# Aim of the exercise
Copy the records below, from the line containing "Azazie Liza Bridesmaid" through the last line; leave out pictures.

# The data

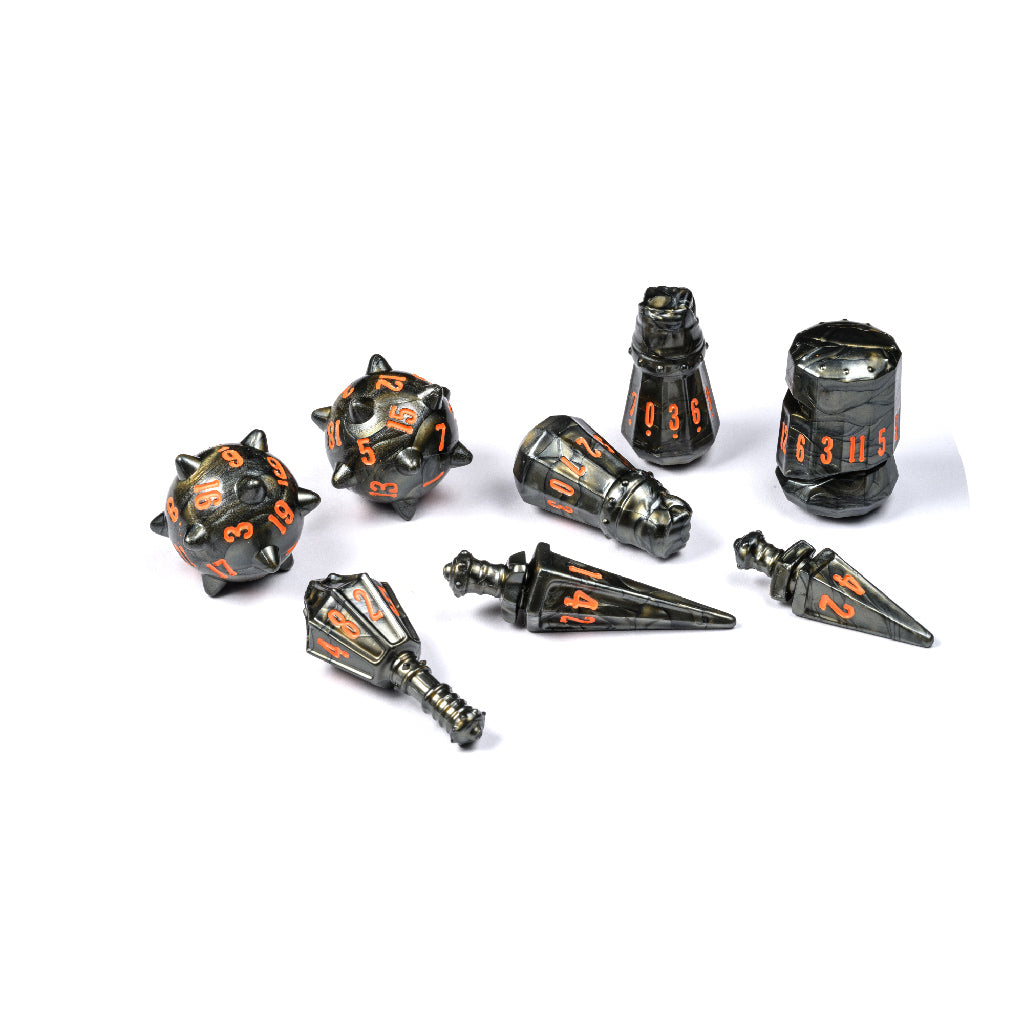 PolyHero Warrior Dice Set Steel Grey Dice Asmodee PolyHero Warrior Steel Grey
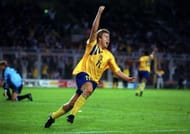Sport, Football, pic: 17th June 1992, European Championship in Stockholm, Sweden 2 v England 0, Sweden's Thomas Brolin turns to celebrate after scoring the 2nd goal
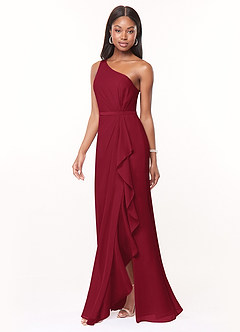 Azazie Liza Bridesmaid Dresses Burgundy Mermaid One Shoulder Chiffon Dress image1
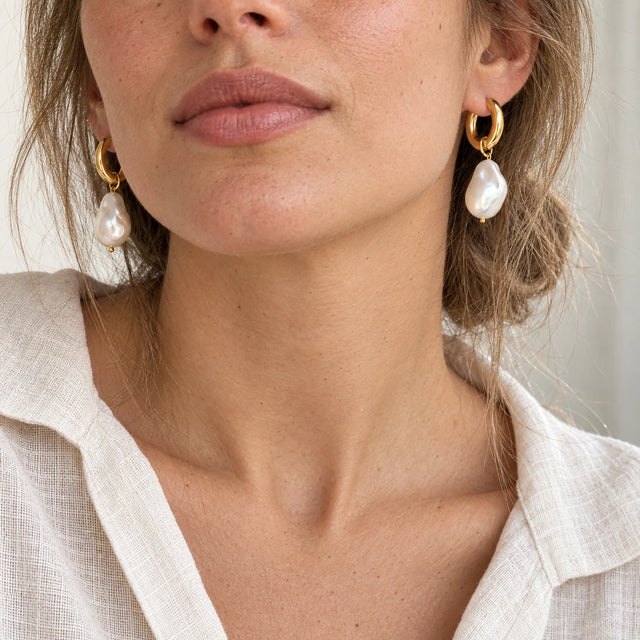 Faux Pearl Drop Earrings worn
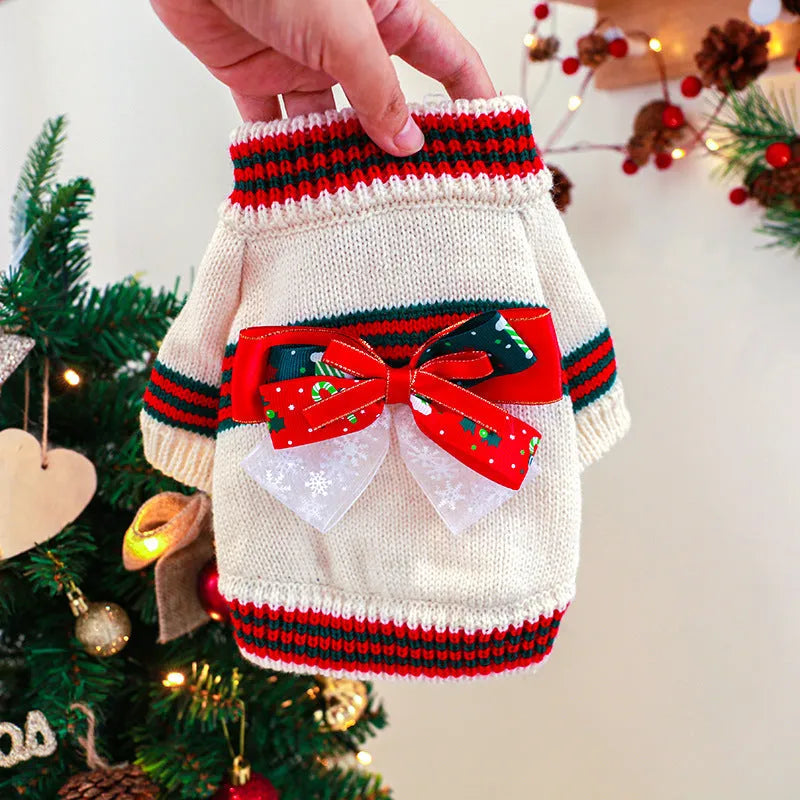 Red Christmas dog sweater with festive print for small to large dogs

# Response below
 Azazie Liza Bridesmaid Dresses Burgundy Mermaid One Shoulder Chiffon Dress image1
 Faux Pearl Drop Earrings worn
 Red Christmas dog sweater with festive print for small to large dogs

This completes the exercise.